Brief:
Using the listing below, copy exactly the lines from the one containing "Elazığ&rsquo;da &ccedil;aldıkları eşyaları" to the one containing "Hyundai Staria 2025 из KR, фото 9", both lines included, and no others.

Listed records:
* * * * *
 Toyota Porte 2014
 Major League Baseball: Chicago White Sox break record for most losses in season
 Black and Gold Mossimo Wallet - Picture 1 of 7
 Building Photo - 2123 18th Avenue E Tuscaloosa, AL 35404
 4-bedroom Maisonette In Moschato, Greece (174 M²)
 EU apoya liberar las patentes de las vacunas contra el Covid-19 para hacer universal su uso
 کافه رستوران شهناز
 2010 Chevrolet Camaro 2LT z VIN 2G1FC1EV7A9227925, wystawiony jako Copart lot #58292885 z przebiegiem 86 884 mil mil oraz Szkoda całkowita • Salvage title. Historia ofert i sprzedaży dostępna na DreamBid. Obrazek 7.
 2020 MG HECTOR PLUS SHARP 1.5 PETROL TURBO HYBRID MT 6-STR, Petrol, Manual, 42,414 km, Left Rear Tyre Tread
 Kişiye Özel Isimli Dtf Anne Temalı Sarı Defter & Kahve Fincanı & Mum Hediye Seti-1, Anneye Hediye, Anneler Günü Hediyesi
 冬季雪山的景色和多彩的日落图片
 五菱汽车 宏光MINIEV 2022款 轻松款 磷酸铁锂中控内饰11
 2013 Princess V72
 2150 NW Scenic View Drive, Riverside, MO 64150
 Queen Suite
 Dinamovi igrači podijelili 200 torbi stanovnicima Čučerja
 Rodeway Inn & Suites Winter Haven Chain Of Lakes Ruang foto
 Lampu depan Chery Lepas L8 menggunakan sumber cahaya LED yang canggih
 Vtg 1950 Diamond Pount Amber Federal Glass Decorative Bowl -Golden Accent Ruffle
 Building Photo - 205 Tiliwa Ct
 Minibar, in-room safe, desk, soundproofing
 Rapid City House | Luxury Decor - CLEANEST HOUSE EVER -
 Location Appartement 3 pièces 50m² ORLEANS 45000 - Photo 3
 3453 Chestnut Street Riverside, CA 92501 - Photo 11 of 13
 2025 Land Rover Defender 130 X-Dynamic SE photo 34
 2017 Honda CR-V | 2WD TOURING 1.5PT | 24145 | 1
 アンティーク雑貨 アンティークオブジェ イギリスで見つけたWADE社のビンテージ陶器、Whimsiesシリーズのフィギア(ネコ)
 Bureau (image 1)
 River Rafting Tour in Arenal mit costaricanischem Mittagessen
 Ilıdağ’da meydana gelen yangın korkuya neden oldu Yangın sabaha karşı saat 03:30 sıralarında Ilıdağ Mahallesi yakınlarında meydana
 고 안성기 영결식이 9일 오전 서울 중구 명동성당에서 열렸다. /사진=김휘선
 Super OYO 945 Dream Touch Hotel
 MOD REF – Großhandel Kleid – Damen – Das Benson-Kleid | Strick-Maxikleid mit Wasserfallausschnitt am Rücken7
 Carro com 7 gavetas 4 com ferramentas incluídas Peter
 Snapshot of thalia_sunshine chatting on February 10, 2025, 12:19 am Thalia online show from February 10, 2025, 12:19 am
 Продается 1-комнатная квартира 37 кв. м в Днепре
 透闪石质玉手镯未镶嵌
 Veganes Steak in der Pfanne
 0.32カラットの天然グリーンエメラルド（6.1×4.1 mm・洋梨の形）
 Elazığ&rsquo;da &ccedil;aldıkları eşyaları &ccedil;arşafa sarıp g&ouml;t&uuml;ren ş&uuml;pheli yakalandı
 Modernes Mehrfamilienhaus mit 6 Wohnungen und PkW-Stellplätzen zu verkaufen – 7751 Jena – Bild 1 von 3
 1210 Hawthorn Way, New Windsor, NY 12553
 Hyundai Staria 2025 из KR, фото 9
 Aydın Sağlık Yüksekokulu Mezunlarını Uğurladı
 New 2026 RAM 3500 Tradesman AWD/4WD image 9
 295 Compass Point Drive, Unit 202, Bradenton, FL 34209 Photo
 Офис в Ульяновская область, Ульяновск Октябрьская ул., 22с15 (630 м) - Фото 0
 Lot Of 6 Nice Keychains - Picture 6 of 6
* * * * *
Written answer:
 Elazığ&rsquo;da &ccedil;aldıkları eşyaları &ccedil;arşafa sarıp g&ouml;t&uuml;ren ş&uuml;pheli yakalandı
 Modernes Mehrfamilienhaus mit 6 Wohnungen und PkW-Stellplätzen zu verkaufen – 7751 Jena – Bild 1 von 3
 1210 Hawthorn Way, New Windsor, NY 12553
 Hyundai Staria 2025 из KR, фото 9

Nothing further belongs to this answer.